** Data in this exercise **

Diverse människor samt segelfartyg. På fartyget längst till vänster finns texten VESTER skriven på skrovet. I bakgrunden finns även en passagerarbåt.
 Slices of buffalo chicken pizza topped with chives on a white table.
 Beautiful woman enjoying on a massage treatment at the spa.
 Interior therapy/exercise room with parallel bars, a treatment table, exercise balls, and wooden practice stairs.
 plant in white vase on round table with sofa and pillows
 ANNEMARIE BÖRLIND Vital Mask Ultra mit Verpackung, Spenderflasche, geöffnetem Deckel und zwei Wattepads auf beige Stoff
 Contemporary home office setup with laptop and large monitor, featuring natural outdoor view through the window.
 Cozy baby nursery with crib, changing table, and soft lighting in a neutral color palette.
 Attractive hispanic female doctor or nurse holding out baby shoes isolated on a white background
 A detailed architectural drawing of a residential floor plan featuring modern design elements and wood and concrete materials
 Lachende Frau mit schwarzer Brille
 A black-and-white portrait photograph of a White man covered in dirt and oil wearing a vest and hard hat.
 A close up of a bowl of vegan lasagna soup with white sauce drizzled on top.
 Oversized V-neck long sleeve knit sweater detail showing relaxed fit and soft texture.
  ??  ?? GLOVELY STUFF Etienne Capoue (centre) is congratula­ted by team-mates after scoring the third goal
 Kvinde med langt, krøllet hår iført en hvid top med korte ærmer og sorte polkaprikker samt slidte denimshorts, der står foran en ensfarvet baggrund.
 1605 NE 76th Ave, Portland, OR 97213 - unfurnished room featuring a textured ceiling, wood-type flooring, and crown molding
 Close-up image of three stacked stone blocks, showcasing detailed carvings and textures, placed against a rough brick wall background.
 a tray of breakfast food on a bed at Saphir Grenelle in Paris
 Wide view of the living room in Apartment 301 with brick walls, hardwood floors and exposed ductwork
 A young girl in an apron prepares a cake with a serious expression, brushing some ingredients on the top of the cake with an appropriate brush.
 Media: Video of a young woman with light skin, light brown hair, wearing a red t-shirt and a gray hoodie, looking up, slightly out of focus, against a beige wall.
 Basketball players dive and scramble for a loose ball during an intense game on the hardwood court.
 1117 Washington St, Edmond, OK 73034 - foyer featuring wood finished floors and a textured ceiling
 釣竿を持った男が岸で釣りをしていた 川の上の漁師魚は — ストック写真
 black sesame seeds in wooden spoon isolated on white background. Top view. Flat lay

** Task description **
All entries above should be duplicated exactly, none omitted.

** Task result **
Diverse människor samt segelfartyg. På fartyget längst till vänster finns texten VESTER skriven på skrovet. I bakgrunden finns även en passagerarbåt.
 Slices of buffalo chicken pizza topped with chives on a white table.
 Beautiful woman enjoying on a massage treatment at the spa.
 Interior therapy/exercise room with parallel bars, a treatment table, exercise balls, and wooden practice stairs.
 plant in white vase on round table with sofa and pillows
 ANNEMARIE BÖRLIND Vital Mask Ultra mit Verpackung, Spenderflasche, geöffnetem Deckel und zwei Wattepads auf beige Stoff
 Contemporary home office setup with laptop and large monitor, featuring natural outdoor view through the window.
 Cozy baby nursery with crib, changing table, and soft lighting in a neutral color palette.
 Attractive hispanic female doctor or nurse holding out baby shoes isolated on a white background
 A detailed architectural drawing of a residential floor plan featuring modern design elements and wood and concrete materials
 Lachende Frau mit schwarzer Brille
 A black-and-white portrait photograph of a White man covered in dirt and oil wearing a vest and hard hat.
 A close up of a bowl of vegan lasagna soup with white sauce drizzled on top.
 Oversized V-neck long sleeve knit sweater detail showing relaxed fit and soft texture.
  ??  ?? GLOVELY STUFF Etienne Capoue (centre) is congratula­ted by team-mates after scoring the third goal
 Kvinde med langt, krøllet hår iført en hvid top med korte ærmer og sorte polkaprikker samt slidte denimshorts, der står foran en ensfarvet baggrund.
 1605 NE 76th Ave, Portland, OR 97213 - unfurnished room featuring a textured ceiling, wood-type flooring, and crown molding
 Close-up image of three stacked stone blocks, showcasing detailed carvings and textures, placed against a rough brick wall background.
 a tray of breakfast food on a bed at Saphir Grenelle in Paris
 Wide view of the living room in Apartment 301 with brick walls, hardwood floors and exposed ductwork
 A young girl in an apron prepares a cake with a serious expression, brushing some ingredients on the top of the cake with an appropriate brush.
 Media: Video of a young woman with light skin, light brown hair, wearing a red t-shirt and a gray hoodie, looking up, slightly out of focus, against a beige wall.
 Basketball players dive and scramble for a loose ball during an intense game on the hardwood court.
 1117 Washington St, Edmond, OK 73034 - foyer featuring wood finished floors and a textured ceiling
 釣竿を持った男が岸で釣りをしていた 川の上の漁師魚は — ストック写真
 black sesame seeds in wooden spoon isolated on white background. Top view. Flat lay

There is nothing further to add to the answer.